A few days ago, I was on a flight to Islamabad and met someone whose enthusiasm and energy need to be harnessed, bottled and served chilled to all those in government and positions of power. He talked of evolution, of how language and methods of communication and social interaction had changed. Of the power of the human mind and what it is capable of when challenged. The world has always been driven by innovation. Today’s world is powered by information and revolves around technology.

He talked about the internet, the unlimited information it offers, about internet cafes and the access they provide a starved nation to the world and beyond. Did you know that internet cafes provide booths, that come equipped with toilet rolls, to their customers so they can surf in privacy? Broadband the entire country, he said, and give everyone an iPad. See what they do. Let them look at whatever they want to, it will automatically lead to a quest for more, more knowledge and more information and will open the mind to new ideas. I can already hear people screaming pornography. Well let them. I am screaming inquiring, imaginative, innovation.

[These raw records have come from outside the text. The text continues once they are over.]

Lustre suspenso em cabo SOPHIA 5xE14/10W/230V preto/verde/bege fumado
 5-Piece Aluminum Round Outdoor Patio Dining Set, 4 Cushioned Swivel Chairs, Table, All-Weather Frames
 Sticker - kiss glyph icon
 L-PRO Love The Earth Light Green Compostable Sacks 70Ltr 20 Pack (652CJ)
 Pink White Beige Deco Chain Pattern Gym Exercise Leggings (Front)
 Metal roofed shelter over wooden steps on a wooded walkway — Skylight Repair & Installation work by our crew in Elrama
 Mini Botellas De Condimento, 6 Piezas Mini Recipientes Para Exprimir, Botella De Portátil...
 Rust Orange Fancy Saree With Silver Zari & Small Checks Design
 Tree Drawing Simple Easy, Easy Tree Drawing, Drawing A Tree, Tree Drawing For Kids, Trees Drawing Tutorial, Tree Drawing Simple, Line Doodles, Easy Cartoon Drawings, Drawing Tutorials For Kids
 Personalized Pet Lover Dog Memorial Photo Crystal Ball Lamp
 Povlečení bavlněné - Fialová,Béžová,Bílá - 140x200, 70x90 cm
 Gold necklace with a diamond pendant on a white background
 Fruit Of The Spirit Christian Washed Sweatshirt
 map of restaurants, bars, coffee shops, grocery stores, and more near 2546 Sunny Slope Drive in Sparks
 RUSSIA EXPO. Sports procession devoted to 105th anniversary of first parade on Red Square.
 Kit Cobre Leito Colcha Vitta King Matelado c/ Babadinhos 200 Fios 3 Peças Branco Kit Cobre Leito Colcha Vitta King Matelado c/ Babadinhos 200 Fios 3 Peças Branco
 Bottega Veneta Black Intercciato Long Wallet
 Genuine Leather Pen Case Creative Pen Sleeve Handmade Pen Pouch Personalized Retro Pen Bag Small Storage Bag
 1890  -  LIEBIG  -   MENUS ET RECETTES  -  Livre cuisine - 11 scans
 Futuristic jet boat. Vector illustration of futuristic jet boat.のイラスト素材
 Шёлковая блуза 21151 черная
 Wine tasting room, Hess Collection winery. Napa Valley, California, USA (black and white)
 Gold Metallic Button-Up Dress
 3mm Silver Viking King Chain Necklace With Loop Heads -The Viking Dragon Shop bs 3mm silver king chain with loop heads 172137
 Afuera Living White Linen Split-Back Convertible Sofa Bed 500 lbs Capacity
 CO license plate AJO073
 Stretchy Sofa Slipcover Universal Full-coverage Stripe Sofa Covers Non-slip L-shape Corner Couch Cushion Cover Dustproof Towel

If everyone is so worried about pornography, we need to address this fear at it seems to be standing in the way of our access to all the other information and material that should be available to us. Once the mind opens up and the imagination soars, there are no limits to what we can do. The minds we have are naturally inquiring and imaginative and if you allow them to be both these things, you will see innovation.

So if we go back to Dr Hoodbhoy and look at his prescription for changing things, he calls for critical thought, scientific thought, thought that is not boxed in by sets of rules created by people who seek to control you through fear. For introspection, which inevitably is a product of the inquiring mind. And, most importantly, he calls for a sense of humour.

If we can’t laugh at ourselves, can’t see the fun in living, if we believe we are only born to die, then something is seriously wrong. Then we are not looking at utilising our time on earth. Then collectively we shouldn’t bother getting out of bed. Oops we are already doing that. And in our quest to regulate morality, we have decided it’s better that the masses don’t get their hands on computers and their access to the internet be restricted, lest the moral fibre of this nation be corrupted. Forget the real corruption of keeping a country in poverty, just don’t let them evolve.

Published in The Express Tribune, March 11th, 2011.

COMMENTS (18)

R S JOHAR | 13 years ago | Reply Mr Observer, what a superb analysis but the report on Pakistan is anything but disturbing which if ignored is well described in your concluding lines. If I am not wrong with my guess that you must be a journalist but hiding your identity. Your observations regarding your education curriculam is spot on which needs immediate revision since youth being fed with hatred, distorted history and concept of jihad from their childhood is a perfect fodder for ever rising religious intolerance which is leading to spreading of violence in the whole country.
Feroz Khan | 13 years ago | Reply The only solution left for Pakistan to save itself is to reclaim the pulpit of the mosque from the mullah. The mosque offers the mullah an access to grassroots opinion and an ability to shape that opinion and unless that is denied to him, there can be no real progress towards a possible solution to the present problems of intolerance in Pakistan. The mullah reaches more people in Pakistan through the weekly Friday sermons than all the so-called English-liberal voices of Pakistan dreaming of Jinnah's Pakistan put together! The name of the game in Pakistan, and the battle for Pakistan, is to gain access to the people with the right information and knowledge and not to access knowledge and information itself! All other talk about iPads and internet and information age power is nothing less than utopian non-sense! Internet and information empowerment will not work in Pakistan because of the language barrier. Unless the vast majority of Pakistanis browse the internet in Urdu and gain in access to sites in Urdu that circumvent the official government "truth" and offer an alternative source of information to the mainstream sources of information, there will be no generation of a critical mass of informed opinion or an introspection of the problems facing Pakistan.